> [What the exercise asks]: When the line containing "Lautaro-Martinez-Argentina-gol-alamy2XEWKHG Lautaro Martínez" appears in the entries below, begin printing there and stop after the line containing "Modern 2-Bedroom Apartment"; print each of those lines exactly and no other line.

-------- Available data --------

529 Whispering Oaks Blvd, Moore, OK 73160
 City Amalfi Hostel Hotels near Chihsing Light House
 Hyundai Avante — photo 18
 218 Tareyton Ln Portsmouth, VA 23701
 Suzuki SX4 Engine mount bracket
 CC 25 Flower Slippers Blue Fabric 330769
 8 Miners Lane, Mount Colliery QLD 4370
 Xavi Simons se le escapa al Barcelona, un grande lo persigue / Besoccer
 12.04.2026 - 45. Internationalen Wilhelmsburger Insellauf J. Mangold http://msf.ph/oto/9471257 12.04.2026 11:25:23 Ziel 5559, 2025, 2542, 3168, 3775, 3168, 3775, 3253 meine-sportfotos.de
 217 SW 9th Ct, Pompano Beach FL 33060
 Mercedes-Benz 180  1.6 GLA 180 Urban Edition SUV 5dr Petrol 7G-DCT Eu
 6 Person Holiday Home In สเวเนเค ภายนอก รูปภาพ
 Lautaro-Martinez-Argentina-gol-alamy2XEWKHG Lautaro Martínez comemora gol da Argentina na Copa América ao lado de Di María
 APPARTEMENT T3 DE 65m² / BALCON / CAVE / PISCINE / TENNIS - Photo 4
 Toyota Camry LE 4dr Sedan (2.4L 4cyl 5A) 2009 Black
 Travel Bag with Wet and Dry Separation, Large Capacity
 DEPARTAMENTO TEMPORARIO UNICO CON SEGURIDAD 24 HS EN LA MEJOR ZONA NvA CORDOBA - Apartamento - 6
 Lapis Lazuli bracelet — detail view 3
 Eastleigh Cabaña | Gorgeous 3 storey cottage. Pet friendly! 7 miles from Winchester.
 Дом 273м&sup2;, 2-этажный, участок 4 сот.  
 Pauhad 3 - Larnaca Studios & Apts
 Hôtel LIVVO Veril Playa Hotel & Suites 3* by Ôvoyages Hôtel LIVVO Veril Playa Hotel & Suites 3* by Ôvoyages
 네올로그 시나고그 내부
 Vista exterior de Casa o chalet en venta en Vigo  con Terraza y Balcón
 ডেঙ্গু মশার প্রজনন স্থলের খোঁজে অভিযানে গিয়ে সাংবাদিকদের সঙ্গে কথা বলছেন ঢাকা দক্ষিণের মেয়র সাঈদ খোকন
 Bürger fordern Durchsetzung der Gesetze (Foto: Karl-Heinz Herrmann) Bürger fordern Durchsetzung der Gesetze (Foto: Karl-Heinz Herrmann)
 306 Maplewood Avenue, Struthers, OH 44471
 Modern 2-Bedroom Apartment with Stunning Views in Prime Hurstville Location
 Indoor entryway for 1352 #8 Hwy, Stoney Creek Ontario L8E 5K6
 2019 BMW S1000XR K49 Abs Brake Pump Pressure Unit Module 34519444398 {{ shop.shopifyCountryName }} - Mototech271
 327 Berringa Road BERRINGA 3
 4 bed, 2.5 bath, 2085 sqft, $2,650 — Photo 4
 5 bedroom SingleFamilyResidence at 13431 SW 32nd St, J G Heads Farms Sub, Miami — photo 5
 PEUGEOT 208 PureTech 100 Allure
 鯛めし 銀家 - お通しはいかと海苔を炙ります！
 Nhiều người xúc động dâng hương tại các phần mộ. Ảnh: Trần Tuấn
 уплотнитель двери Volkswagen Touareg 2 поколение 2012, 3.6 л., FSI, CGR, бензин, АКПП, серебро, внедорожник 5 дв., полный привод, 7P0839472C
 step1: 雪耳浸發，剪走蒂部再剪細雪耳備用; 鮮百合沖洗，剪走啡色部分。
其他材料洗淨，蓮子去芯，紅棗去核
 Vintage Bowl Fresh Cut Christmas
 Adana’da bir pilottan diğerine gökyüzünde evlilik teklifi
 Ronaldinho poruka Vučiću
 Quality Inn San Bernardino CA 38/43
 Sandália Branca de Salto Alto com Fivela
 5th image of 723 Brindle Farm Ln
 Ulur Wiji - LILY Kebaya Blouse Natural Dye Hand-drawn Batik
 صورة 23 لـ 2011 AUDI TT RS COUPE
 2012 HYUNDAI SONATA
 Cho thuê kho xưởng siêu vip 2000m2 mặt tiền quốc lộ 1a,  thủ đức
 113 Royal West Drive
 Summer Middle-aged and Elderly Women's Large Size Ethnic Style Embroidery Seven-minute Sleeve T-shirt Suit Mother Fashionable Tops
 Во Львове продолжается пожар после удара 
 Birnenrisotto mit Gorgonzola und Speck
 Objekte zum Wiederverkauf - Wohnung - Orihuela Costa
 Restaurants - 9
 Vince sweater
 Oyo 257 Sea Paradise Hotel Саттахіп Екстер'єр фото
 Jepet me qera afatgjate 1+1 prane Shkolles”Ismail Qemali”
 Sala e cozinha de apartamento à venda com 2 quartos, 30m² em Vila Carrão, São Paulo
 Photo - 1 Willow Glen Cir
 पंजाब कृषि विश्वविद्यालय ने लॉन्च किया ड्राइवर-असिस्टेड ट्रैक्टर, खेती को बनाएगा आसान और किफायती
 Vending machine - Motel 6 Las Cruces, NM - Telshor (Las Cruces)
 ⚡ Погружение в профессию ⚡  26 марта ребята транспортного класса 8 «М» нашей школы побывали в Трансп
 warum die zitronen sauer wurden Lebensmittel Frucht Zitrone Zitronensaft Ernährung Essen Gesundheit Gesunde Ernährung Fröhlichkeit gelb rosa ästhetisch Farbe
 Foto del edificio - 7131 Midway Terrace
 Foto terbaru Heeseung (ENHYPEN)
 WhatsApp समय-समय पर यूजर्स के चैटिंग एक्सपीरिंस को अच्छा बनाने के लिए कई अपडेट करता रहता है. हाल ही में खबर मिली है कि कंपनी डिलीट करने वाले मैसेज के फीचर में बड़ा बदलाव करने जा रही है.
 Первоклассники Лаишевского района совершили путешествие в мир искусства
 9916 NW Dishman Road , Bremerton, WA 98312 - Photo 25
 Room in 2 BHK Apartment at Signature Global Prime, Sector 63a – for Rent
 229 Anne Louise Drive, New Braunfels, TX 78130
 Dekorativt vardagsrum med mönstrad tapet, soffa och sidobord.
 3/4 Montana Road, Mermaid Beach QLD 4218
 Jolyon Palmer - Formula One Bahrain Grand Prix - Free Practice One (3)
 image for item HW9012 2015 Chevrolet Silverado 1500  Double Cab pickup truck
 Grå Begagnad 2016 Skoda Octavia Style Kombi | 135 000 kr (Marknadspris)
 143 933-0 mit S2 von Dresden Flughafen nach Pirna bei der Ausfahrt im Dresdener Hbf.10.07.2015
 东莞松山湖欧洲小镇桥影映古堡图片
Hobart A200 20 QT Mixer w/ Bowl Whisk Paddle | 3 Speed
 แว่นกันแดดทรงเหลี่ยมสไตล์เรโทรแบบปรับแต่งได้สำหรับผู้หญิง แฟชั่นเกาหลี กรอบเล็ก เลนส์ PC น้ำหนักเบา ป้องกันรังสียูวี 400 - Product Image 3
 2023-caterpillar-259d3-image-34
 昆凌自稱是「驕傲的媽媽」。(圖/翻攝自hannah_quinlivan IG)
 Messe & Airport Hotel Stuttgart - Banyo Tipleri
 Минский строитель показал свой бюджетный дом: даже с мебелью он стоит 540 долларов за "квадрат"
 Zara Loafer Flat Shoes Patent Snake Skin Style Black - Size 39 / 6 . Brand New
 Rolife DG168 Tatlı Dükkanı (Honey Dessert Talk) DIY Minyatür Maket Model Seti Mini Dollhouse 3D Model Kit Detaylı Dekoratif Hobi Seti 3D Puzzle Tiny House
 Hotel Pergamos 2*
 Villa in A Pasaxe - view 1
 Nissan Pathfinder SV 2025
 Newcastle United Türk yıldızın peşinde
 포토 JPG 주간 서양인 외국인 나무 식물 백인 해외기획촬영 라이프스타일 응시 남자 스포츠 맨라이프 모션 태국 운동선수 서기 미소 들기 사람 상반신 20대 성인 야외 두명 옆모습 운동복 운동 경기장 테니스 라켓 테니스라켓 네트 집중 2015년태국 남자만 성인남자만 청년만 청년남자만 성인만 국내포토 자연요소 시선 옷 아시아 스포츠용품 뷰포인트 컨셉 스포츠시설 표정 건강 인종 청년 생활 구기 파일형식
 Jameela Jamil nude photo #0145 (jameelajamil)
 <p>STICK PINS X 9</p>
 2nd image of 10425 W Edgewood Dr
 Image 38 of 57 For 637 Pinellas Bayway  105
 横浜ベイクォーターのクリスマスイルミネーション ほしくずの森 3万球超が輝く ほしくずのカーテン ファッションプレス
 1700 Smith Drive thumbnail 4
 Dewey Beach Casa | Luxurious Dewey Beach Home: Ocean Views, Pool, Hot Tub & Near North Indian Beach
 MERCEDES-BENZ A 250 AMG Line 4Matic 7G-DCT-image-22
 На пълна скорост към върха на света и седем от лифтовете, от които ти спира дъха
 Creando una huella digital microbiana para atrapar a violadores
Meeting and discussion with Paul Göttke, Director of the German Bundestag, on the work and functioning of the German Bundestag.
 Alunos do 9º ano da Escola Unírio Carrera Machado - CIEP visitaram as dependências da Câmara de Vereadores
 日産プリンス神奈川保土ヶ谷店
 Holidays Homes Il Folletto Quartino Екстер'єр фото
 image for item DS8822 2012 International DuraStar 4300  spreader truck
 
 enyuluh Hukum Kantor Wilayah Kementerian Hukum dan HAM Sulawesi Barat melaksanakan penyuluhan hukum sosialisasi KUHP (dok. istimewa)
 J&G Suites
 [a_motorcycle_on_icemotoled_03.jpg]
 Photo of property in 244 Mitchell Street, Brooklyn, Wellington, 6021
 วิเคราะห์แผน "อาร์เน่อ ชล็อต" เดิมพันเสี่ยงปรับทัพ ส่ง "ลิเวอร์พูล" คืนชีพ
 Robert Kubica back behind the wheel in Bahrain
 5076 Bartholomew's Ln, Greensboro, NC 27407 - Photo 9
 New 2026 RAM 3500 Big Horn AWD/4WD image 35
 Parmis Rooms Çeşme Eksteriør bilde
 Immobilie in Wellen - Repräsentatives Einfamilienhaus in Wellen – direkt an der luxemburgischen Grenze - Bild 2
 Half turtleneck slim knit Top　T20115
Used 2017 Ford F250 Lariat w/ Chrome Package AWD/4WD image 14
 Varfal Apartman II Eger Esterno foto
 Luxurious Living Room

--------

> [Task output]:
 Lautaro-Martinez-Argentina-gol-alamy2XEWKHG Lautaro Martínez comemora gol da Argentina na Copa América ao lado de Di María
 APPARTEMENT T3 DE 65m² / BALCON / CAVE / PISCINE / TENNIS - Photo 4
 Toyota Camry LE 4dr Sedan (2.4L 4cyl 5A) 2009 Black
 Travel Bag with Wet and Dry Separation, Large Capacity
 DEPARTAMENTO TEMPORARIO UNICO CON SEGURIDAD 24 HS EN LA MEJOR ZONA NvA CORDOBA - Apartamento - 6
 Lapis Lazuli bracelet — detail view 3
 Eastleigh Cabaña | Gorgeous 3 storey cottage. Pet friendly! 7 miles from Winchester.
 Дом 273м&sup2;, 2-этажный, участок 4 сот.  
 Pauhad 3 - Larnaca Studios & Apts
 Hôtel LIVVO Veril Playa Hotel & Suites 3* by Ôvoyages Hôtel LIVVO Veril Playa Hotel & Suites 3* by Ôvoyages
 네올로그 시나고그 내부
 Vista exterior de Casa o chalet en venta en Vigo  con Terraza y Balcón
 ডেঙ্গু মশার প্রজনন স্থলের খোঁজে অভিযানে গিয়ে সাংবাদিকদের সঙ্গে কথা বলছেন ঢাকা দক্ষিণের মেয়র সাঈদ খোকন
 Bürger fordern Durchsetzung der Gesetze (Foto: Karl-Heinz Herrmann) Bürger fordern Durchsetzung der Gesetze (Foto: Karl-Heinz Herrmann)
 306 Maplewood Avenue, Struthers, OH 44471
 Modern 2-Bedroom Apartment with Stunning Views in Prime Hurstville Location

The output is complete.